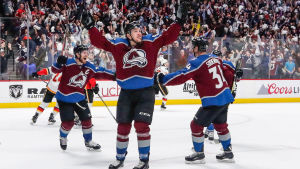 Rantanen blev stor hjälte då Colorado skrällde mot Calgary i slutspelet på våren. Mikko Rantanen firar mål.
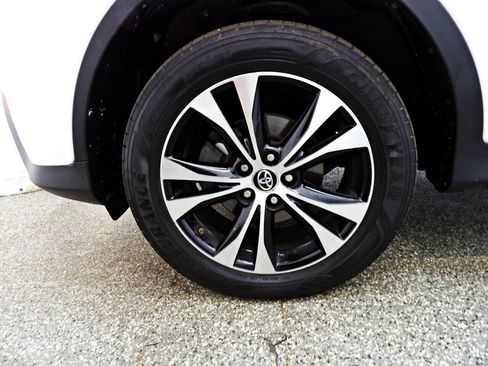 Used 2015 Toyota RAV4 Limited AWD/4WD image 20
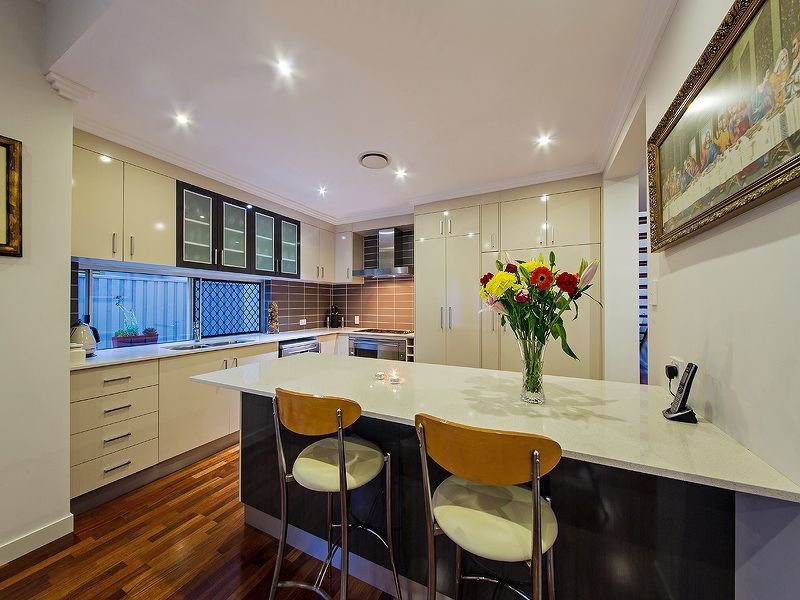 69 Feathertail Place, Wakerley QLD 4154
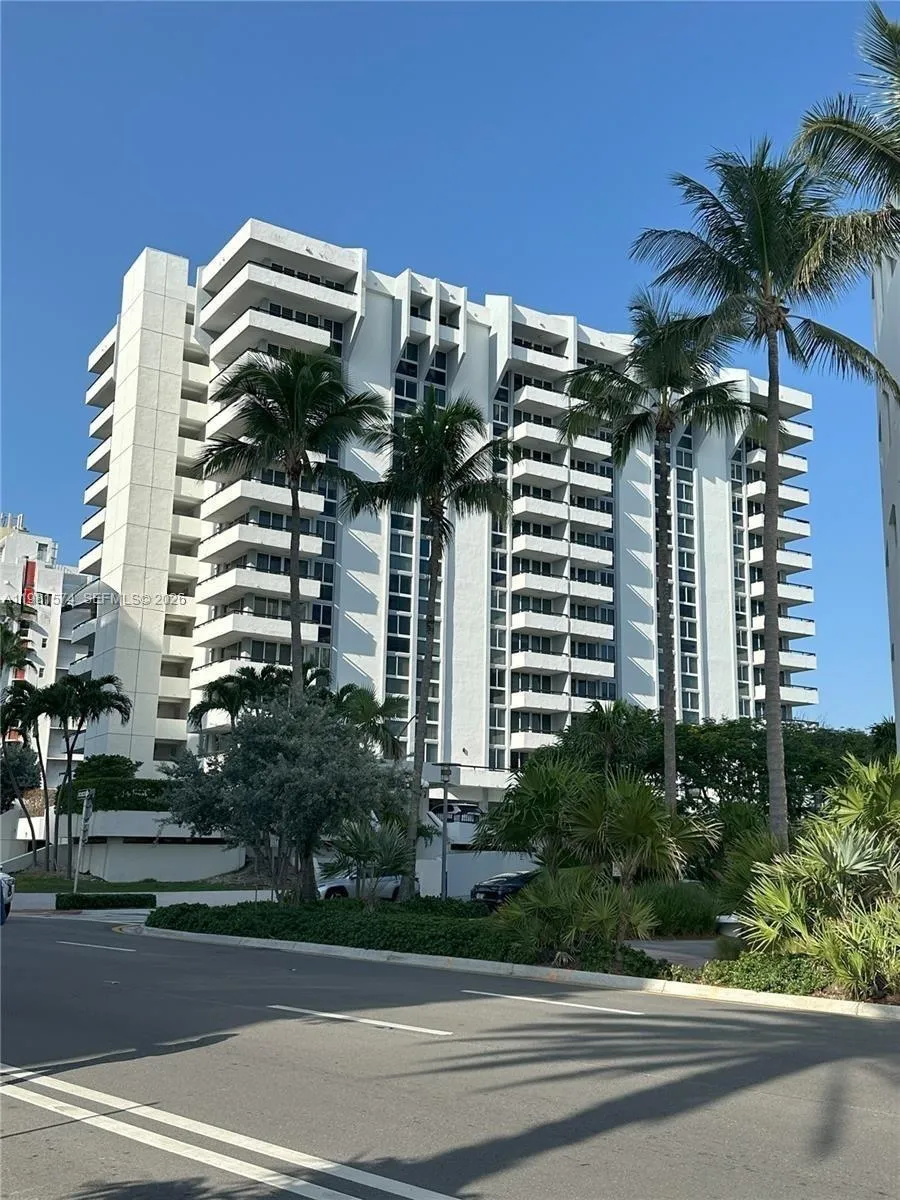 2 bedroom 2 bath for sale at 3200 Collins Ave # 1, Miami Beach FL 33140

EXERCISE DETAILS:
Exactly the lines from the one containing "69 Feathertail Place, Wakerley QLD 4154" through the last line of the data above should be output, both ends included, with every picture left out.

ANSWER AREA:
 69 Feathertail Place, Wakerley QLD 4154
 2 bedroom 2 bath for sale at 3200 Collins Ave # 1, Miami Beach FL 33140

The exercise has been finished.